[PATCH v1] mm/swap: fix SWP_PFN_BITS with CONFIG_PHYS_ADDR_T_64BIT on 32bit

From: David Hildenbrand <david@redhat.com>
To: linux-kernel@vger.kernel.org
Cc: linux-mm@kvack.org, David Hildenbrand <david@redhat.com>,
	Andrew Morton <akpm@linux-foundation.org>,
	Peter Xu <peterx@redhat.com>, Yang Shi <shy828301@gmail.com>,
	Hugh Dickins <hughd@google.com>,
	Andrea Arcangeli <aarcange@redhat.com>
Subject: [PATCH v1] mm/swap: fix SWP_PFN_BITS with CONFIG_PHYS_ADDR_T_64BIT on 32bit
Date: Mon,  5 Dec 2022 16:08:57 +0100	[thread overview]
Message-ID: <20221205150857.167583-1-david@redhat.com> (raw)
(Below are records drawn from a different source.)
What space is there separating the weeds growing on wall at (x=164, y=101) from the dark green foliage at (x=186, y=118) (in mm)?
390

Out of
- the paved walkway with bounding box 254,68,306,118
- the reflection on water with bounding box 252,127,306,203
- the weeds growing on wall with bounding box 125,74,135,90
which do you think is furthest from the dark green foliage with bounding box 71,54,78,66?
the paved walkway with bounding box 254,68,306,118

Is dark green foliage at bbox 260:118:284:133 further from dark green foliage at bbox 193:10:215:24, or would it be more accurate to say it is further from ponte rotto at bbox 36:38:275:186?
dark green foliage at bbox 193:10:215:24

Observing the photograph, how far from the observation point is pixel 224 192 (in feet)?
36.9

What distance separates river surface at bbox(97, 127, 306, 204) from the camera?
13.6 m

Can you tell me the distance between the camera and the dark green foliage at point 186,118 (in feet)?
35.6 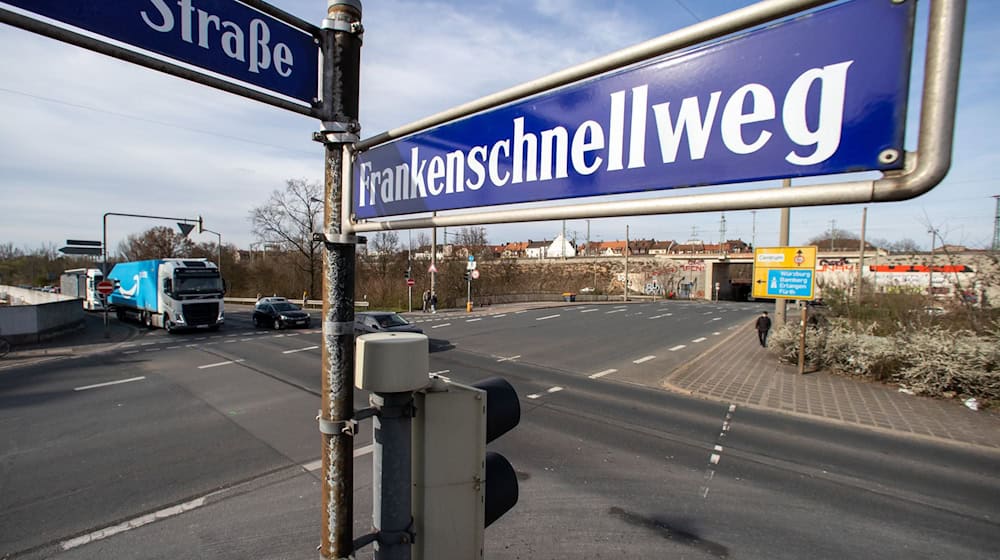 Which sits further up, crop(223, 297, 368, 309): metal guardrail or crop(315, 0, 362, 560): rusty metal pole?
crop(315, 0, 362, 560): rusty metal pole

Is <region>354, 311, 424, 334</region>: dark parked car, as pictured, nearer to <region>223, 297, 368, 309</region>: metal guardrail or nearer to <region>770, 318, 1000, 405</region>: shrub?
<region>770, 318, 1000, 405</region>: shrub

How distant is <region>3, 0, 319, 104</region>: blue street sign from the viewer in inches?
52.9

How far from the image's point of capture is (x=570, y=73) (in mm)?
1366

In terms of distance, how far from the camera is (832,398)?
9.15 metres

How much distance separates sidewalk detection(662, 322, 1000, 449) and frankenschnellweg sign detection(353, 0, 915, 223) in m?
9.21

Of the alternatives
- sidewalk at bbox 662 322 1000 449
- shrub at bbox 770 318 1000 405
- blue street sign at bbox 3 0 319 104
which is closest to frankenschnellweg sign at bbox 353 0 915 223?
blue street sign at bbox 3 0 319 104

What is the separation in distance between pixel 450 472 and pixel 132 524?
4.73 m

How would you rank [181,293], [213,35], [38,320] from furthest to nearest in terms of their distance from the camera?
1. [181,293]
2. [38,320]
3. [213,35]

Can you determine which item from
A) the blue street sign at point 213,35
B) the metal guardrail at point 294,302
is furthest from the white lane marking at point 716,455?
the metal guardrail at point 294,302

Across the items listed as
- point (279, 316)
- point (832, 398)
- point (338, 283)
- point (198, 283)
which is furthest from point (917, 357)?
point (198, 283)

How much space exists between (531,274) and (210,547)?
61022 mm

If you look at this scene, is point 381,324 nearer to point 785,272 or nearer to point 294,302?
point 785,272

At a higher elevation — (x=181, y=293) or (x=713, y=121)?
(x=713, y=121)

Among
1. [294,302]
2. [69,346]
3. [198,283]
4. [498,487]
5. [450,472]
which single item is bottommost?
[294,302] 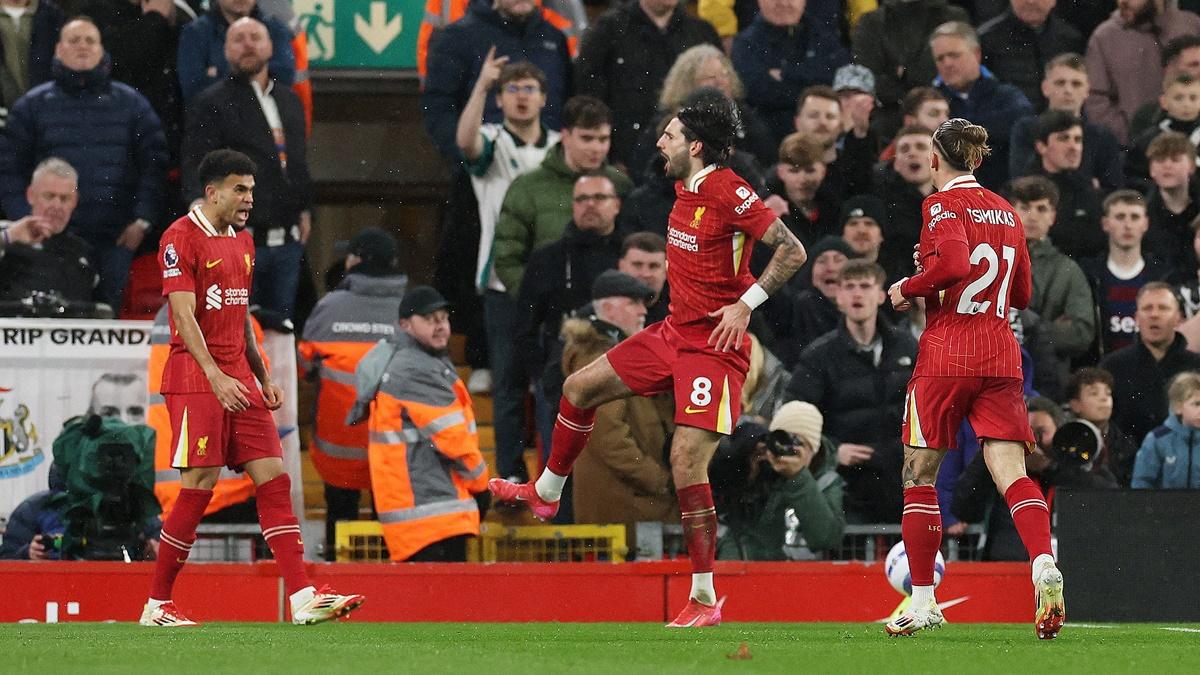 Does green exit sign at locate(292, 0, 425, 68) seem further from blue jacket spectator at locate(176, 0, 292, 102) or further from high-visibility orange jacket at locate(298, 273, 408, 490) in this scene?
high-visibility orange jacket at locate(298, 273, 408, 490)

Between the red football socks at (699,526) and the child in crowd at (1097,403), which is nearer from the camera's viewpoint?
the red football socks at (699,526)

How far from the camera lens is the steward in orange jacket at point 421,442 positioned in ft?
39.6

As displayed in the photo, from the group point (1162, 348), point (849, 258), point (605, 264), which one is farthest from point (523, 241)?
point (1162, 348)

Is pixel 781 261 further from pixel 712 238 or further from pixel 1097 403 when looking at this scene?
pixel 1097 403

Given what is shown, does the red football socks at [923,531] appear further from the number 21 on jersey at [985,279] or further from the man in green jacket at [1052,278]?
the man in green jacket at [1052,278]

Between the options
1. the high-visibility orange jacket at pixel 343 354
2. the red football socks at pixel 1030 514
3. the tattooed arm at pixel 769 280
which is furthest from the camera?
the high-visibility orange jacket at pixel 343 354

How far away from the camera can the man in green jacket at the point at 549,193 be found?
14.1 metres

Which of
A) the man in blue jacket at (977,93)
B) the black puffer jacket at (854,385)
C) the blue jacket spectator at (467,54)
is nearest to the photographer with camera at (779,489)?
the black puffer jacket at (854,385)

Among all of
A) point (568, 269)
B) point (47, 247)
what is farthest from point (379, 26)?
point (568, 269)

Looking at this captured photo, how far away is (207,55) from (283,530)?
5.75 m

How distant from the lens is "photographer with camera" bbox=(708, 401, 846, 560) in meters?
11.7

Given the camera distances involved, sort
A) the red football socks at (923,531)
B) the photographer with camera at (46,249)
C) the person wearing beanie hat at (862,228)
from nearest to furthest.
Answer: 1. the red football socks at (923,531)
2. the photographer with camera at (46,249)
3. the person wearing beanie hat at (862,228)

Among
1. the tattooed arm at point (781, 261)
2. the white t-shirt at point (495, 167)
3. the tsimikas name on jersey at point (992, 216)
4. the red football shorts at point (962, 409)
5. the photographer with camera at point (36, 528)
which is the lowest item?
the photographer with camera at point (36, 528)

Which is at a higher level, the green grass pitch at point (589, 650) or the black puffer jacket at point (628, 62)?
the black puffer jacket at point (628, 62) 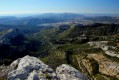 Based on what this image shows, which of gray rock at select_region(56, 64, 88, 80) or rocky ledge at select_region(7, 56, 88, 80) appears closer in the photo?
rocky ledge at select_region(7, 56, 88, 80)

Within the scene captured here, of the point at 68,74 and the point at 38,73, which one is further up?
the point at 38,73

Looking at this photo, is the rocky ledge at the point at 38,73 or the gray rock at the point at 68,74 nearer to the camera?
the rocky ledge at the point at 38,73

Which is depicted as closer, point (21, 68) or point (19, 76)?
point (19, 76)

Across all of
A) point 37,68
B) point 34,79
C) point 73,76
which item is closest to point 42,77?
point 34,79

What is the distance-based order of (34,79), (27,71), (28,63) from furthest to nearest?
(28,63) < (27,71) < (34,79)

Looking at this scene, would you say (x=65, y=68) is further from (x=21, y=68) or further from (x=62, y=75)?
(x=21, y=68)

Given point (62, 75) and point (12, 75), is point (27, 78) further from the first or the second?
point (62, 75)

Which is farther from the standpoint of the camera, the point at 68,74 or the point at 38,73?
the point at 68,74

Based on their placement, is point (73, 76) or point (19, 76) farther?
point (73, 76)

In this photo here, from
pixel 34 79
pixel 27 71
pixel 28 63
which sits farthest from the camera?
pixel 28 63
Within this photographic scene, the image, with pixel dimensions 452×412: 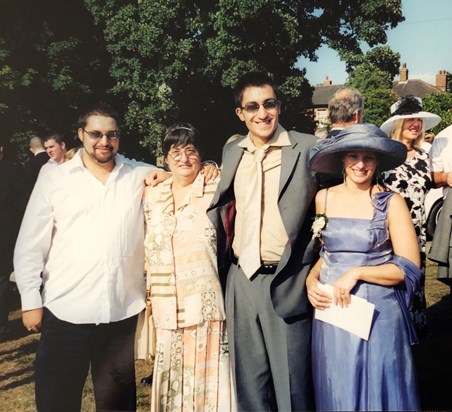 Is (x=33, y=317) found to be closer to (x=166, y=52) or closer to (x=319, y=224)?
(x=319, y=224)

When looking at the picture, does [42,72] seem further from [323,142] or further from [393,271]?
[393,271]

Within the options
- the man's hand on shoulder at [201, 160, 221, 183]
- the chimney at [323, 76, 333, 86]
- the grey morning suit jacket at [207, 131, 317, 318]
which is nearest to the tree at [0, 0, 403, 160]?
the chimney at [323, 76, 333, 86]

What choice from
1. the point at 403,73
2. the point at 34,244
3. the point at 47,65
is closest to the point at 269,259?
the point at 34,244

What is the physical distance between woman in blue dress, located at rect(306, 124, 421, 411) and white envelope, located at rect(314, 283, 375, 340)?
0.02 metres

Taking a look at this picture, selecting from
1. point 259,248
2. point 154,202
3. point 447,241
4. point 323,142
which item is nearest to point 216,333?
point 259,248

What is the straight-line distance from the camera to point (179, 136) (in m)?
2.54

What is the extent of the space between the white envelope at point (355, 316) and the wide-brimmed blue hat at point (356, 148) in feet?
2.00

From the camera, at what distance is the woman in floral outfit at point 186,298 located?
2.45 meters

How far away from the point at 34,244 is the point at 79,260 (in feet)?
0.86

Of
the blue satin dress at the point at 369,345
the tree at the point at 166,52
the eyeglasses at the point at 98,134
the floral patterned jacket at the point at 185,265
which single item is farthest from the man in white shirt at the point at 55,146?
the blue satin dress at the point at 369,345

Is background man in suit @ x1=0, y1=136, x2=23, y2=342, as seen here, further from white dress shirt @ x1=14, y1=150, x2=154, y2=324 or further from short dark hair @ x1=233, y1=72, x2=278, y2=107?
short dark hair @ x1=233, y1=72, x2=278, y2=107

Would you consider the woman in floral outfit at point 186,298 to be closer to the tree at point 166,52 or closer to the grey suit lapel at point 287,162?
the grey suit lapel at point 287,162

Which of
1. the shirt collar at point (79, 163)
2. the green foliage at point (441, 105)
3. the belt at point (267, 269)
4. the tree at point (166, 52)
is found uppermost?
the tree at point (166, 52)

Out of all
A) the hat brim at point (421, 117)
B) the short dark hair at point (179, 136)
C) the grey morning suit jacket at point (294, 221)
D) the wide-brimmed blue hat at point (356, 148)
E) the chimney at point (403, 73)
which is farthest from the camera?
the chimney at point (403, 73)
We use "unsigned long" to store a PFN in the kernel and phys_addr_t to
store a physical address.

On a 64bit system, both are 64bit wide. However, on a 32bit system, the
latter might be 64bit wide. This is, for example, the case on x86 with
PAE: phys_addr_t and PTEs are 64bit wide, while "unsigned long" only
spans 32bit.

The current definition of SWP_PFN_BITS without MAX_PHYSMEM_BITS misses
that case, and assumes that the maximum PFN is limited by a 32bit
phys_addr_t. This implies, that SWP_PFN_BITS will currently only be able to
cover 4 GiB - 1 on any 32bit system, which is wrong. We can end up
masking off valid PFN bits from the swap offset.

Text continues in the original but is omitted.